During an appearance on Meet The Press Sunday morning, Sen. Bob Corker (R-TN) repeatedly dodged host David Gregory’s questions on whether or not he would be willing to accept increases on the wealthiest Americans’ tax rates in a deal to prevent the nation from going over the so-called “fiscal cliff.”
Instead, Corker referred to his own recently-proposed plan to raise revenue through closing tax loopholes. When pressed by Gregory on whether this would be the only revenue source that he would consider in a deal, he replied that revenues through capping deductions and eliminating loopholes would be a more “pro-growth” approach, but conspicuously did not rule out a rate hike on wealthier Americans’ marginal tax rates:
CORKER: Look, Speaker Boehner and Leader McConnell both have put revenues on the table.

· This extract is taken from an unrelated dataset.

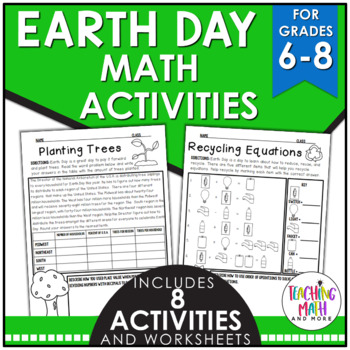 Preview of Earth Day Math Activities Middle School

DAVID GREGORY (HOST): Let’s just understand. Everybody in Washington says revenues. There’s increasing your tax rates and there’s finding other ways to raise tax revenue. And the distinction is important, because what republicans object to is raising your tax rates — Your actual marginal tax rates. That’s the distinction that you have to answer, right?
CORKER: Well, you can get there two ways. One of the ways is the way I proposed, which is closing loopholes. That’s a pro-growth way of getting more revenues from wealthy Americans. And I think, David, before this is all over with, there’s lots of machinations. There’s capital gains, dividends. And I think cooler heads will prevail. And I think we will resolve this. And that’s the very best thing we can do to get our economy going.
Republicans have been generally vague in outlining an acceptable compromise on Americans’ tax rates.
But an increasing number of GOP lawmakers have been backing away from absolutist dogma on increasing the wealthiest Americans’ tax rates in a deal with President Obama. Recently, prominent GOP senators such as Sen. Roy Blunt (R-MO) have signaled that they are open to increasing taxes in order to avert the “fiscal cliff.”
Last week, Corker also backed away from anti-tax purist Grover Norquist’s pledge to not raise taxes under any circumstances, asserting, “I am not obligated on the pledge.”